══ MATERIAL FOR THIS TASK ══

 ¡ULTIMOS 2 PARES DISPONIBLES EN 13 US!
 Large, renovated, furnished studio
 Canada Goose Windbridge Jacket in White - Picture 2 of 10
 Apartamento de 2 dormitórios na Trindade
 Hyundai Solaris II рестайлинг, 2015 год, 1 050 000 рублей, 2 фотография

═══
══ MATERIAL FOR THIS TASK ══

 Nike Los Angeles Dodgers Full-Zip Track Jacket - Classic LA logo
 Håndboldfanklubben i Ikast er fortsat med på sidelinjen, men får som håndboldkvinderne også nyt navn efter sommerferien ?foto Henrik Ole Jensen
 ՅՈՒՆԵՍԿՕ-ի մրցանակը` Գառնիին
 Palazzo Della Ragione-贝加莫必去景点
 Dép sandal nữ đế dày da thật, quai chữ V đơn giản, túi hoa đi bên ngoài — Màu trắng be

═══

=== TASK OBJECTIVE ===
From the data above, report how many lines hold the word "Jacket", answering with the number by itself.

=== RESULT BELOW ===
2